Exercise description: From the line with "Candle Light Αρωματικό" down to the final line of the material, please transcribe everything exactly, but leave the pictures out.

Collected data:
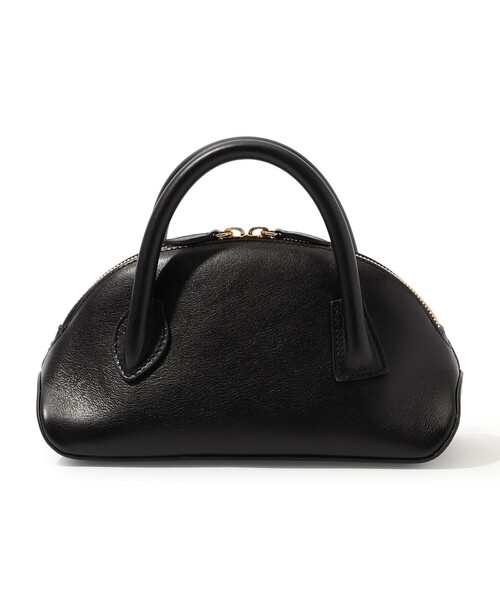 TOMORROWLAND (トゥモローランド)の「LIFFNER EW Dome Clutch ハンドバッグ(ハンドバッグ・レディース・ブラック/ライトグレー・FREE)」の1枚目の写真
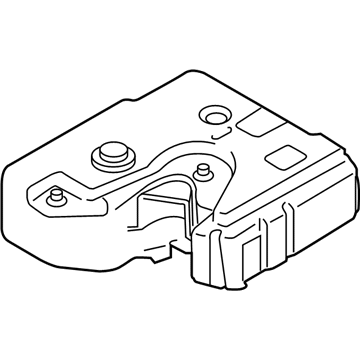 BMW Fuel Tank - 16197286064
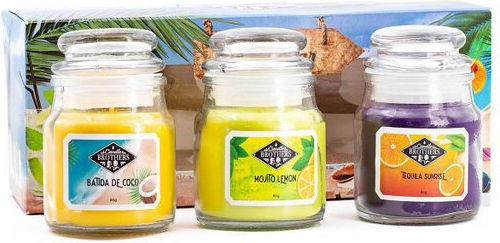 Candle Light Αρωματικό Κερί Σόγιας σε Βάζο με Άρωμα Cotton 85gr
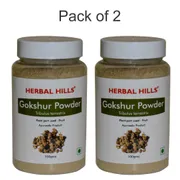 Gokshur Powder (Pack of 2)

Task response:
 Candle Light Αρωματικό Κερί Σόγιας σε Βάζο με Άρωμα Cotton 85gr
 Gokshur Powder (Pack of 2)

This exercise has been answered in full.